Retirement planning is one of the most important plans for the future an individual can have, because it will allow you to know how you will live during your retirement years. There are many things to consider during this process, including the future costs of daily living expenses, your ideal retirement age, and where your retirement funds will come from. For this reason, saving for retirement is an essential part of retirement planning. Many employers assist their employees with this part of the saving process. The programs that are offered include pension plans, 401(k) plans, or a combination of both plans. Although many employers offer financial planning for retirement, some employees will choose to speak to a financial professional about additional retirement savings.
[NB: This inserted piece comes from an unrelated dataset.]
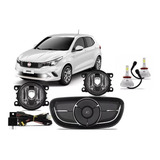 Kit Farol Milha Fiat Argo Botão Original Super Led 2022 2023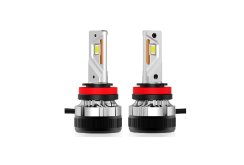 H8 H9 H11 H16 eesmised LED-pirnid esituledele 55W 12V Canbus 6000LM, kuni 200% rohkem heledust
One thing to consider about personal financial planners is that they charge fees. However, banks will perform the same services for free for account holders. The bank will offer services such as saving or investment options. The reason the bank offers these services free of charge is they will benefit from the increased business provided by long-term savings accounts. When saving for retirement, it is important to understand all the expenses that you will have so you know how much retirement savings you will need to live comfortably. When it comes to expenses, it is always highly recommended to pay off all mortgage debts to relive some of the burden on your retirement fund. One of the best benefits of retirement planning is that a person can begin this process at any age, but the sooner you start, the more you will have when you retire.

Important Considerations

One way to get better ideas of what you should expect when it is time is to talk to financial advisors or by attending workshops. This process should be started at least four or five years before you want to retire so you can save at a more reasonable pace and can adjust your lifestyle if necessary.
It is vital to attempt to determine exactly how much your post retirement expenses will be. To do this, a few questions need to be asked and answered including:

• How well will I live?
• Do I want to travel?
• How much will my hobbies cost?
• Where do I want to live?
• Will I have loan or credit card debts?
• Do I need to purchase a new home?

Once these questions have been answered, then you will need to know what to expect when you retire. It is important to apply for social security at least three months before the year of retirement. There are also other things to consider such as life insurance, social security benefits, and government pension plans. It is also important to have a separate emergency fund available after retirement. These funds are needed in case of unexpected bills such as emergency medical care and car repairs. The separate emergency fund will protect your retirement fund.

Saving for Retirement

The reason most professionals advice to begin saving at least five years before retirement is that this will add at least six figures to your retirement fund. If an individual can begin saving for retirement at the age of 30, he or she can put a smaller amount in their retirement fund each month to make saving much easier. A simple rule of thumb is that a person in their 20s should set aside at least 10 percent of their annual income, and a person in their 40s should put aside 30 percent. The bottom line is when an individual is planning for retirement, they will need approximately 75 percent of their total income to ensure they will be able to keep their current lifestyle after they turn 60.

Author's Bio: 

Sally Fontaine wrote this article for Ratelines has been a valuable resources of investment information for nearly 6 years. For recommendations on great cd rates or affordable insurance rates , please visit our site.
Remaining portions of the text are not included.